Deep Learning for Driver Sleepiness Classification using Bioelectrical Signals and Karolinska Sleepiness Scale

University essay from Linköpings universitet/Institutionen för medicinsk teknik

Abstract: Driver sleepiness contributes to a large amount of all road traffic crashes. Developing an objective measurement of driver sleepiness in order to prevent eventual traffic accidents is desirable. The aim of this master thesis was to investigate if deep learning can be used to provide a driver sleepiness classification from brain activity signals obtained by electroencephalography (EEG). The intention was to study the classification performance when using different representations of the input data and to examine how various deep neural network architectures and class weighting during training affect the classification.  The data was collected from 12 experiments, where 269 participants (1187 driving sessions) were driving either on real roads or in a moving-base driving simulator, while electrophysiological data was recorded. Several deep neural network architectures were developed, depending on the representation of the input data.  Regardless of which data representation that was used as input to the network, the datawas divided into three datasets: Training 60%, validation 20% and test 20%. The data from each participant, with associated driving sessions, were randomly assigned to the different datasets according to the given percentage, which resulted in a subject-independent sleepiness detection. The output was in the form of continuous regression further rounded to the closest integer and divided into five classes according to Karolinska Sleepiness Scale (KSS = 1-5, 6, 7, 8, 9).
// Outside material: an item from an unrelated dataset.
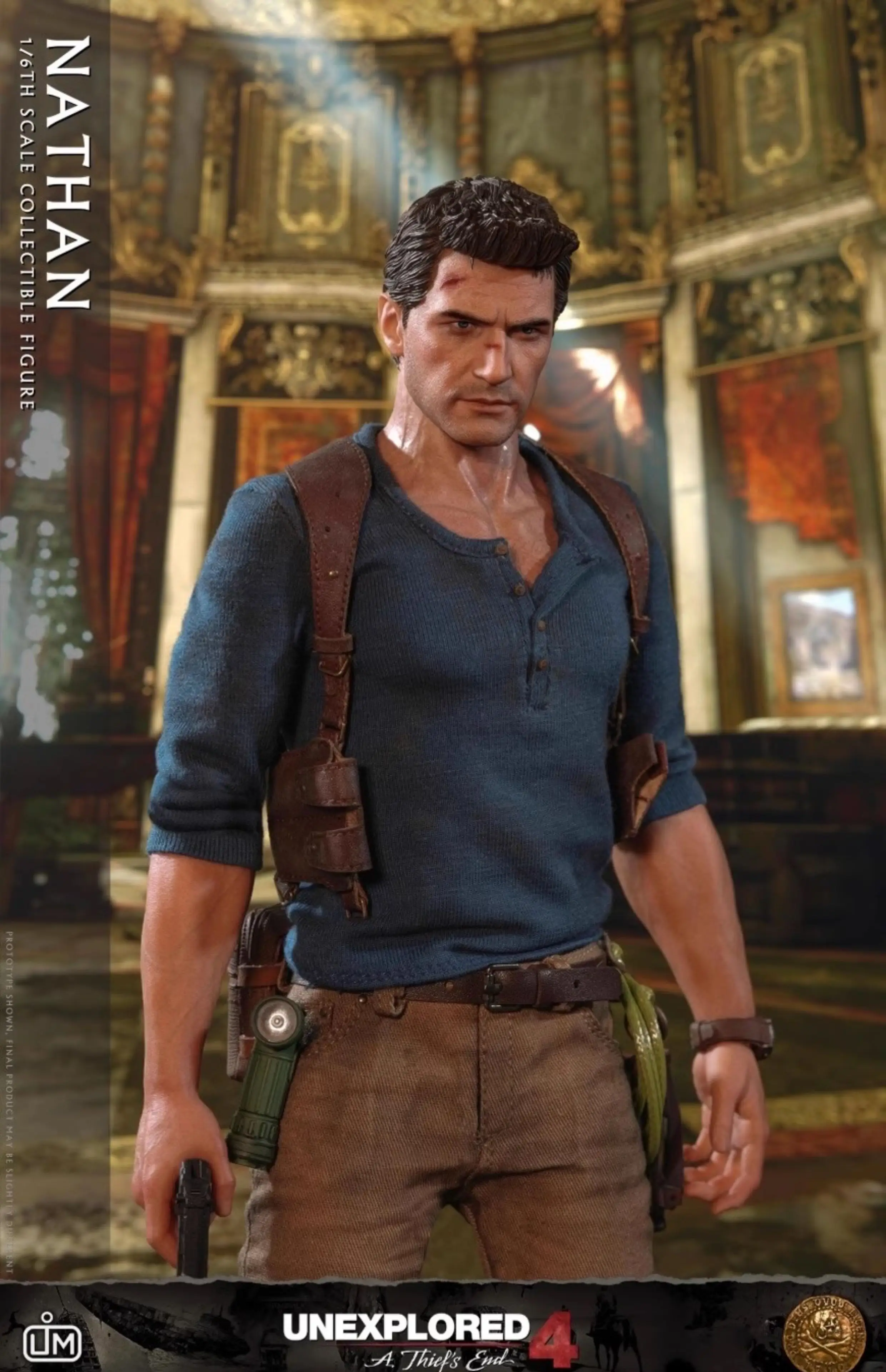 Limtoys Lim012 1/6 Scale Male Soldier Nathan Drake Mysterious Adventurer Full Set 12-Inches Action Figure Model Collection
The best performance was obtained with a convolutional neural network (CNN) combined with Long Short-Term Memory (LSTM) architecture, with time series data as input. This gave an accuracy of 41.44%, a mean absolute error of 0.94 and a macro F1-score of 0.37. Overall, the models with time series data showed better classification results compared to those with time-frequency data. Class weighting, giving all classes inverse proportional weight to their appearance, compensated slightly for class imbalance, but all networks had in general difficulties with generalizing to new data.